Diebert van Rhijn wrote:Glostik91 wrote: The idea that things cause each other is ultimately ironic.
Yes, it
is the ironic quality of all things. Causality can be said to exist, like change can be said to happen. By definition really. But any specific effect or "thing" remains fundamentally ambiguous and therefore ultimately ironic when rendered. Baudrillard already remarked in his hyper-ironic language (which tends to happen when when philosophizing about objects): "
From the moment they pass through medium or image ... objects exert an artificial and ironic function by their very existence". Or even bolder: "
It is not desire that we cannot escape, but the ironic presence of the object, its indifference, and its indifferent interconnections, its challenge, its seduction, its violation of the symbolic order".
After a little study of Baudrillard, I have to critique what he said. Did he think that we can escape desire but not the irony in logic?
What's the difference between feeling this odd sense of irony, and desiring to rectify it? It seems like he is suggesting we should just let a small rock stay in our shoe and irritate our feet. We can choose to not desire to take the rock out, but we can't escape its sting. If this metaphor is accurate then there is definitely an irony in it as well. It reminds me of 'The Secret.' haha Just imagine it, and desire it, and its yours! Or in other words just imagine it, and desire it, and it'll be gone!
Or is it more like this?
We put on a stoic face, shove the self disgrace and shame in our pocket, put our heads down and except the raw deal fate handed us.
My point was more that the leper will usually, by regular body checks, deduce such a hammering did occur at some point and make sure it's taken care of. The event lies in his past but it seems hard to contest that reality. One could see this as no different than any signal of pain, just slower and involving more (complex) deliberation. It's the same with our whole construction of reality: many signals, deductions, filtering going on and they all together create some more or less coherent image: our organic world view. One strong signal really cannot be "real" just by itself, like one rusty nail does not present "table".
If we're talking about a leper making after the fact deductions, I don't think deductions need to take place. If a leper looks at his toe, and it's smashed, its obvious that the toe is smashed, but what's not obvious is the implement used. The reasoning that it was a blunt object is inductive. Getting it taken care of would fall into inductive reasoning as well. For example I know this doctor is good based on such and such criteria.

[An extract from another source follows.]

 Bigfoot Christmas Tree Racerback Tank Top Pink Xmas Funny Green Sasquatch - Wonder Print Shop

An interesting question is, does reasoning have the ability to be deductive without inductive? And vice-versa? I'm not trying to lead you on here. This is a genuinely spontaneous question.

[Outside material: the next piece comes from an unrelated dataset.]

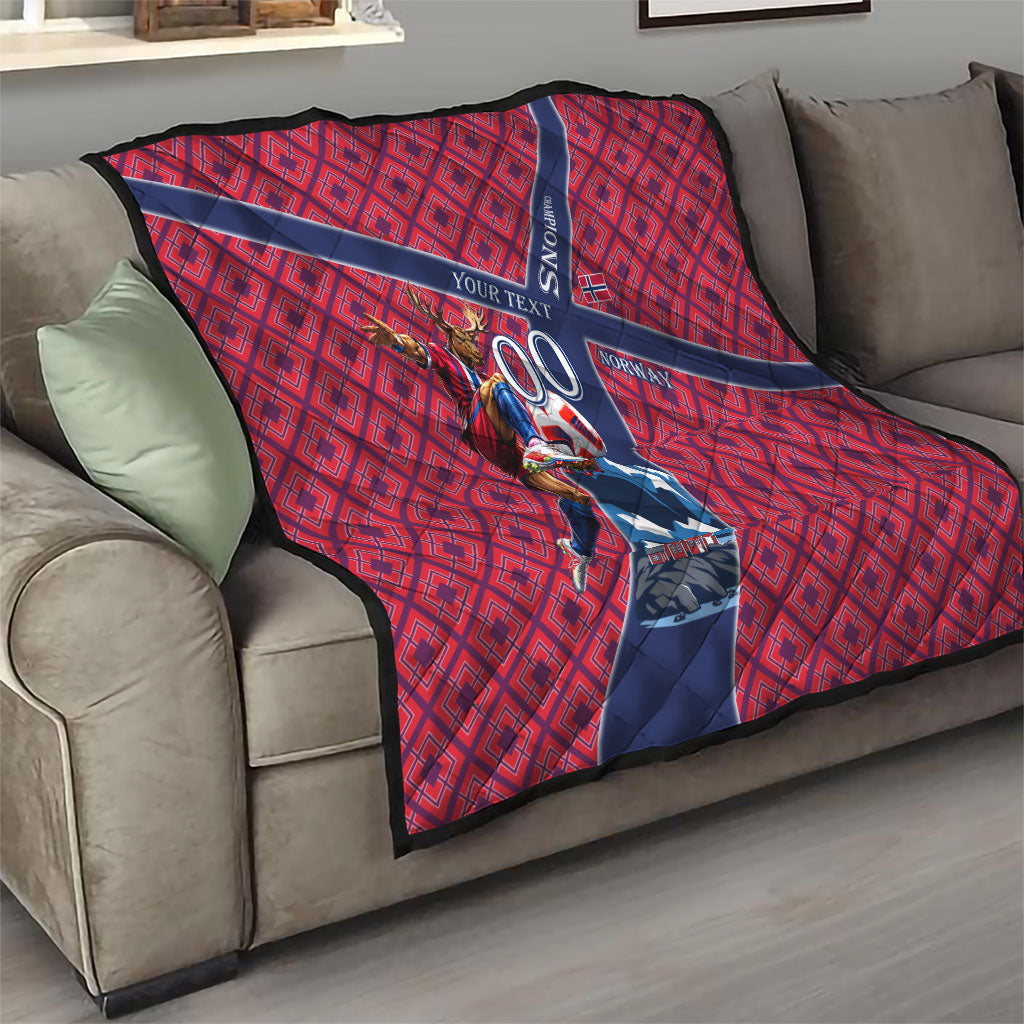 Personalized Norway Soccer Moose Champions Quilt Football Nordic Heritage Mountain Art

A good question and goes to the heart of philosophizing. But if you mean "knowledge", it's called epistemology. Truth appears to work inside a context, like something being "in accordance with reality", meaning that we have now defined something called reality as background "truth maker". If the context of the absolute (of constance, unmoving), absolute truths are nothing but truths in accordance with that "constant" nature.
Its interesting we have to have some sort of 'given.' Whether its 'reality' or 'absolute truth' or whatever. If I ask you, 'What is absolute truth?' Can I respond in saying I reject your notion of 'absolute truth?'
You mean which other self-consciousness can I introduce to own it? How could that ever answer the deeper question here? This is not an attempt to avoid the answer though but it needs probably another context to make more sense.

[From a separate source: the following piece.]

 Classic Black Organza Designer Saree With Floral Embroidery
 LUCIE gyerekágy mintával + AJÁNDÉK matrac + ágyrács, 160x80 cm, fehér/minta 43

Its interesting you assume I think that some other consciousness needs to be introduced in order to have possession of a consciousness. Can things besides consciousness obtain some sort of ownership?
My basic idea is to point out the oddity that we all feel fine saying, I have a body, I have a mind, I have a soul, etc, but what is it that has these things? And why does thinking about who owns these things feel odd?
I've been thinking about what happens after death, and I have a hypothesis. Could it be that death results in a new randomizing of everything possible? If anything is possible given enough time, and seeing as the passage of time won't be of any significance to me, it would seem as if anything is possible after death. What happens to me is that I will be thrown into a new randomization in the truest sense of the word. Sort of like shuffling a deck of cards after a hand of solitaire or something.